In an era of easy money, Archegos was able to borrow so much that its failure created shockwaves large enough to ripple across global financial markets.
Here’s how it happened:
New York-based Archegos was set up by Bill Hwang, 57. Before he lost it all – all US$20bil in two days – Hwang was the greatest trader you’d never heard of.
He was formerly a stock *** yst with storied hedge fund Tiger Management, founded by legendary fund manager and US billionaire Julian Robertson.
Robertson closed his fund in 2000, but handed Hwang, one of his proteges or “Tiger cubs”, about US$25mil to launch his own fund, Tiger Asia Management, in 2001. Hwang grew his firm’s assets to over US$5bil at its peak.
But Hwang shut the fund in 2012 after pleading guilty to US insider trading, paying US$60mil to settle charges of manipulating Chinese stocks.
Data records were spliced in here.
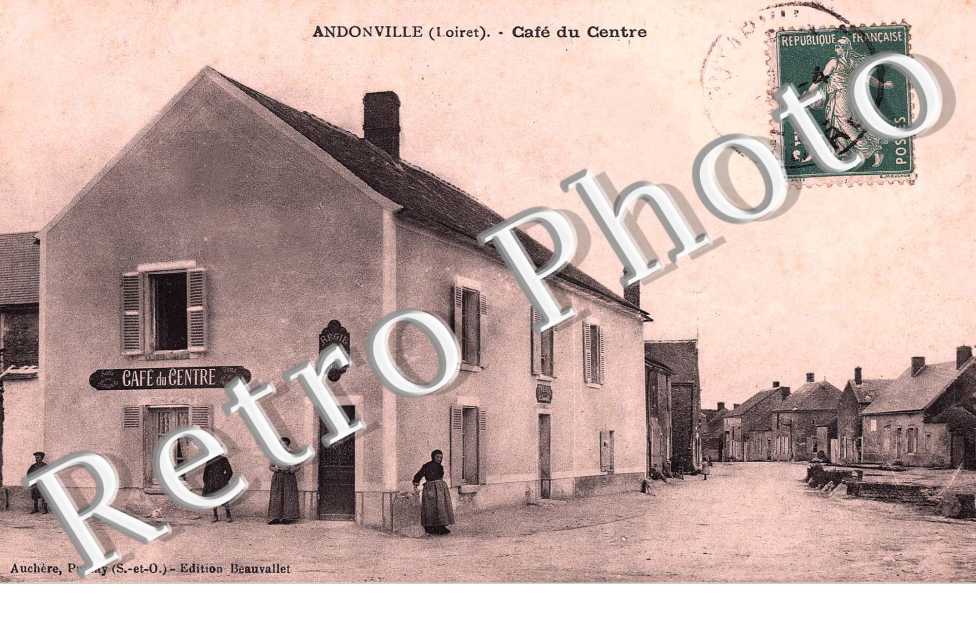 cafe du Centre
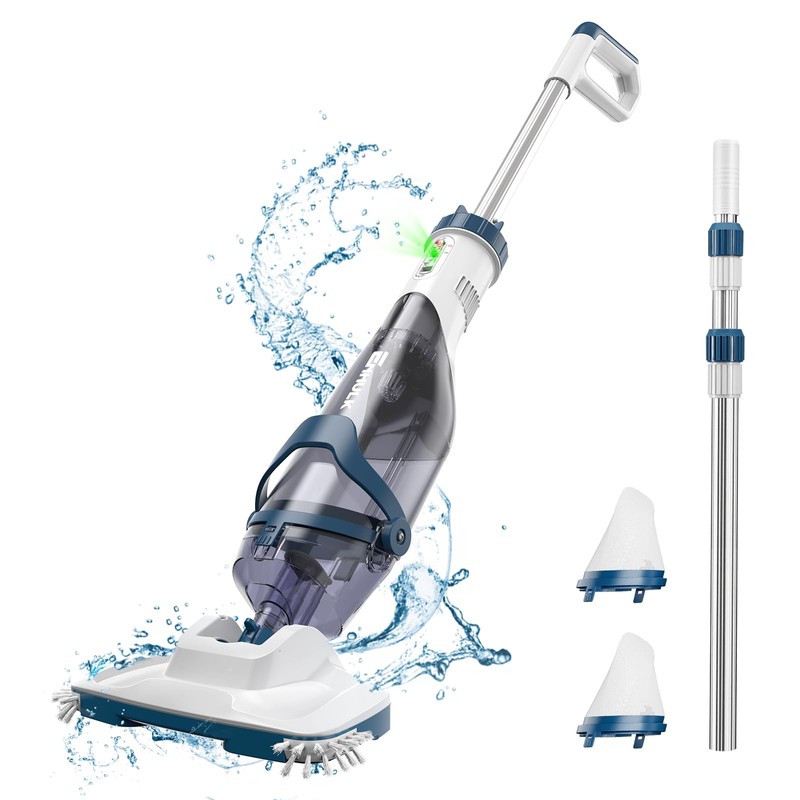 PC15 & PC18 Pool Vacuum Accessories-Head Side Brush (L/R)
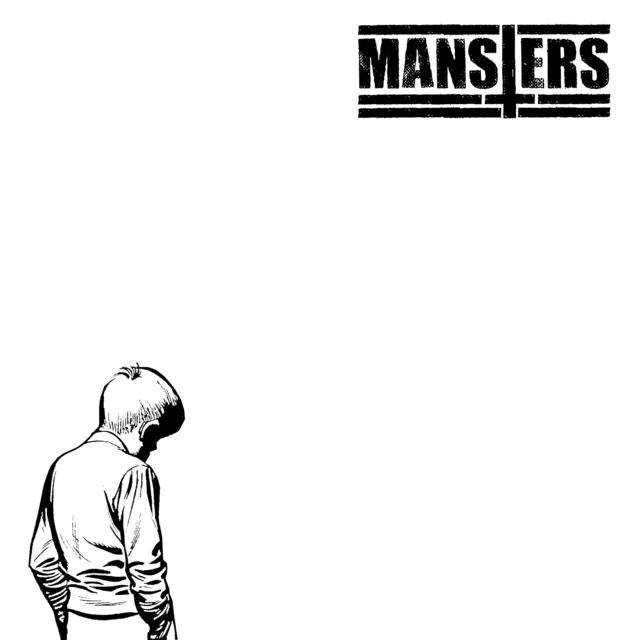 Mansters Mansters (10'') 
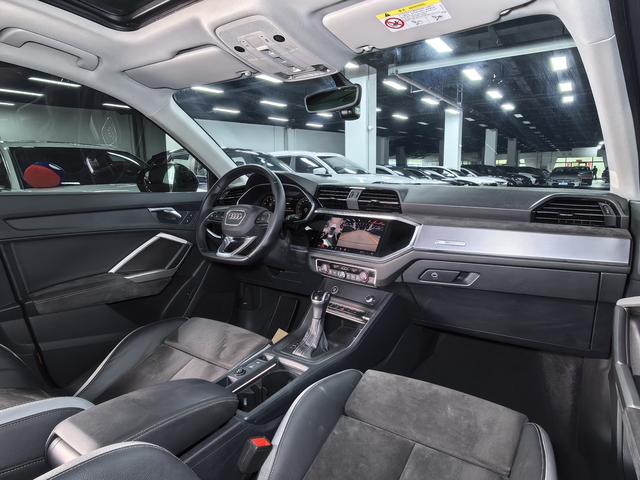 Audi Q3 2021, фото 16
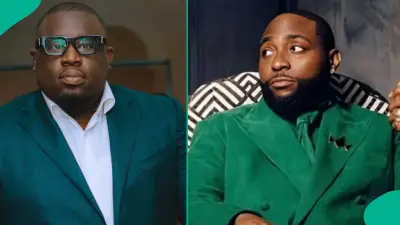 Soso Soberekon Finally Reacts to Davido's Absence at His Wedding in Warri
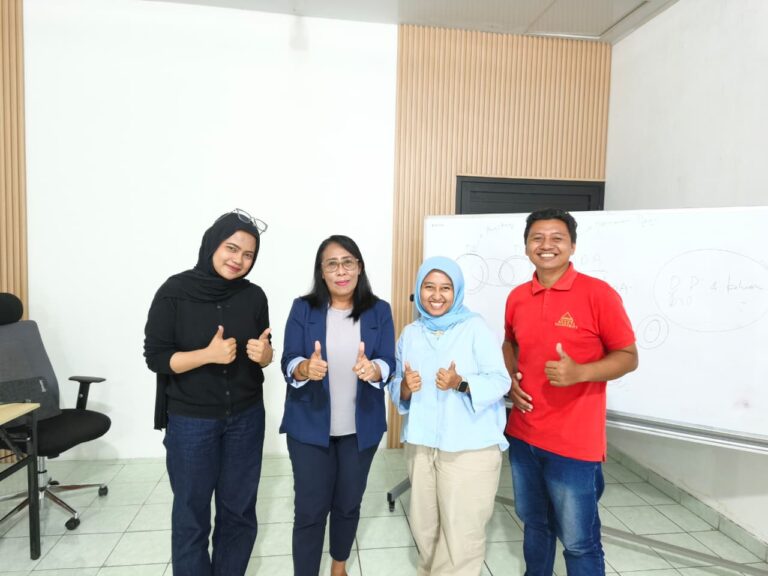 Bali CORE Program batch 1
He was also banned from trading securities in Hong Kong for four years in 2014.
So Hwang went private. He converted Tiger Asia into a single-family office, Archegos, in 2013 to manage his personal wealth. These firms that manage the money of wealthy families are generally outside regulatory scrutiny in the US and most of their information is not in the public domain.
A Bloomberg report noted Hwang as anything but the larger-than-life figure one might expect at the centre of a financial fiasco. There’s no penthouse overlooking Manhattan’s Central Park, no hillside chalet at the Yellowstone Club, no private jets.
“I grew up in a pastor’s family. We were poor,” he said in a video recorded at New Jersey’s Metro Community Church in 2019. “I confess to you, I could not live very poorly. But I live a few notches below where I could live.”
Hwang owns a suburban New Jersey home and drives a Hyundai SUV. His is the paradoxical story of a man devoted to his church and driven to give generously, with a consuming taste for casino-like risk in his professional life.
For now, Hwang isn’t saying why he played such a dangerous game, and neither are his bankers. But pieces of the puzzle are falling into place.
Modest on the outside, Hwang had all the swagger he needed inside the Wall Street prime-brokerage departments that finance big investors.
Archegos had assets of around US$10bil but its real exposure to stocks was much more, with some reports putting it at US$50bil.